▶ **Your instructions**
Transcribe exactly, and only, the lines that run from the one containing "Gray and white striped fleece bunting" through the end of the records.

BEGIN Data shown

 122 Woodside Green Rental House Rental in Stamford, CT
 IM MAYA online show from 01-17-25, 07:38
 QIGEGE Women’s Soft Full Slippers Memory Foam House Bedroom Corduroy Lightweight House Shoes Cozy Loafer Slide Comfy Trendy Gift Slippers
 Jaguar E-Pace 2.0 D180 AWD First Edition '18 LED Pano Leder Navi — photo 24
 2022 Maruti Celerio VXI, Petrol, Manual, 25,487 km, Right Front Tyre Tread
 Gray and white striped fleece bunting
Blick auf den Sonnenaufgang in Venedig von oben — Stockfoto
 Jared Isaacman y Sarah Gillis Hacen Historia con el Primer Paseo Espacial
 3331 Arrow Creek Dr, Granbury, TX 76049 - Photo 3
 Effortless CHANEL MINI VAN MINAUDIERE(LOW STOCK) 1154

END Data shown

▶ **Task output**
 Gray and white striped fleece bunting
Blick auf den Sonnenaufgang in Venedig von oben — Stockfoto
 Jared Isaacman y Sarah Gillis Hacen Historia con el Primer Paseo Espacial
 3331 Arrow Creek Dr, Granbury, TX 76049 - Photo 3
 Effortless CHANEL MINI VAN MINAUDIERE(LOW STOCK) 1154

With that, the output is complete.